Interpretation: The resulting value ranges from \(-1\) to \(+1\):

  • Peak at \(\tau = 0\): The series are synchronized.

  • Peak at \(\tau < 0\): \(x_t\) leads \(y_t\) (or \(y_t\) leads \(x_t\) depending on convention; see implementation below).

  • Peak at \(\tau > 0\): The opposite relationship holds.

1.6.1.2. Frequency Domain (Coherence)#

While cross-correlation measures similarity in the time domain, Coherence measures the correlation between two signals as a function of frequency. It is analogous to a squared correlation coefficient for each frequency component.
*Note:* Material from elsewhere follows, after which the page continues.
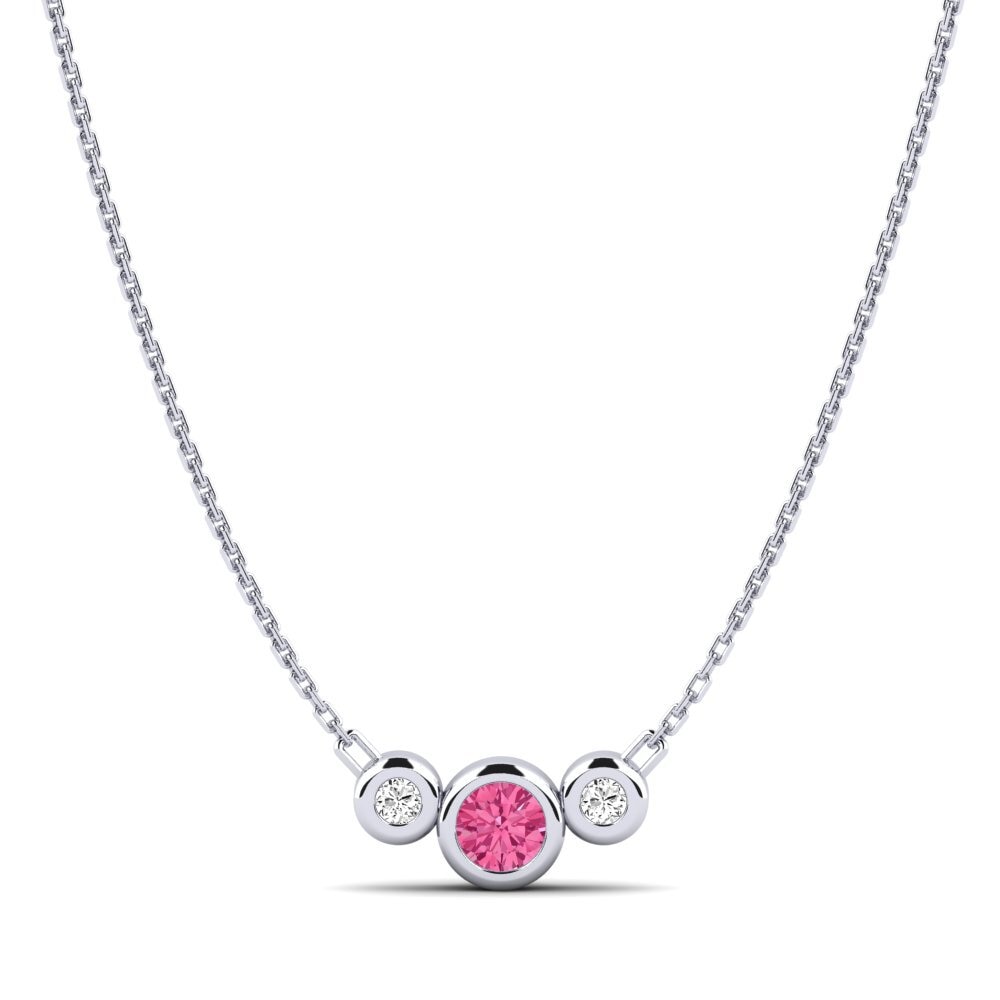Plata 925 Turmalina rosa Collar de Mujer Castiglione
The Magnitude Squared Coherence \(C_{xy}(f)\) is defined as:

(1.4)#\[C_{xy}(f) = \dfrac{|P_{xy}(f)|^2}{P_{xx}(f) P_{yy}(f)}\]

Where:

  • \(P_{xy}(f)\): Cross-spectral density between \(x\) and \(y\).
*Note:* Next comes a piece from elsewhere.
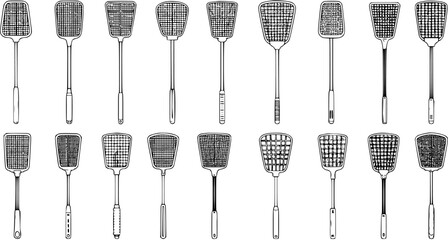Hand-drawn line art collection of vintage fly swatters and insect paddles in various designs on white background © pixsource
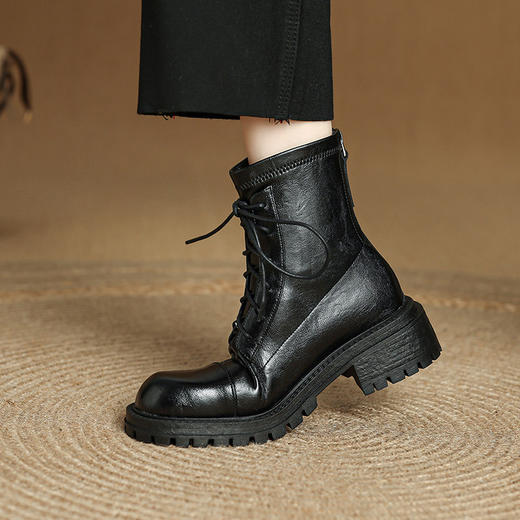 【预售7天】秋冬软皮圆头系带粗跟马丁靴弹力高跟短靴长筒靴XH&M9357D 商品图2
  • \(P_{xx}(f), P_{yy}(f)\): Power spectral densities of \(x\) and \(y\) respectively.

Values of \(C_{xy}(f)\) near 1 indicate a strong linear relationship at that frequency, while values near 0 indicate no relationship.

This efficiency is why standard libraries (such as scipy.signal.correlate) often use FFT-based methods (method='fft') for larger arrays.

1.6.2. Example: Columbia vs. Calgary Temperatures#

To illustrate cross-correlation and coherence, we analyze daily mean temperatures from Columbia, Missouri (target, at 92°W) and Calgary, Alberta (source, at 114°W) during 2024. These cities are separated by over 2,000 km with distinct climates: Calgary is colder year-round due to higher latitude and continental exposure, while Columbia experiences milder winters and more humid summers. The data spans is sourced from https://open-meteo.com/ with daily temperatures means measured in degrees Celsius.

The key scientific question is: Do weather systems that affect Calgary (west) influence Columbia (east) with a detectable time delay? North American weather systems typically propagate eastward, so we hypothesize that Calgary’s temperature anomalies (unusually warm or cold days) may “lead” Columbia’s by a few days. Cross-correlation will quantify this lead-lag timing, and coherence will tell us whether this relationship is strongest at the seasonal scale, the synoptic (3–7 day) scale, or both.

We will apply this theory to analyze the relationship between daily temperatures in Columbia, MO, and Calgary, AB for the year 2024. Given the prevailing West-to-East weather patterns in North America, we hypothesize that temperature changes in Calgary (West) might “lead” similar changes in Columbia (East).

1.6.2.1. Visualizing and Comparing the Series#

We will analyze the daily mean temperatures of Calgary, AB and Columbia, MO for the year 2024. Note that Calgary (approx. 114°W) is significantly west of Columbia (approx. 92°W). Since weather systems in North America often move West-to-East, we might hypothesize a lag relationship.

Hide code cell source

import pandas as pd

# 1. Load the datasets
como_df = pd.read_csv('chapter1_data/daily_temp_como.csv', parse_dates=['date'], index_col='date')
calgary_df = pd.read_csv('chapter1_data/daily_temp_calgary.csv', parse_dates=['date'], index_col='date')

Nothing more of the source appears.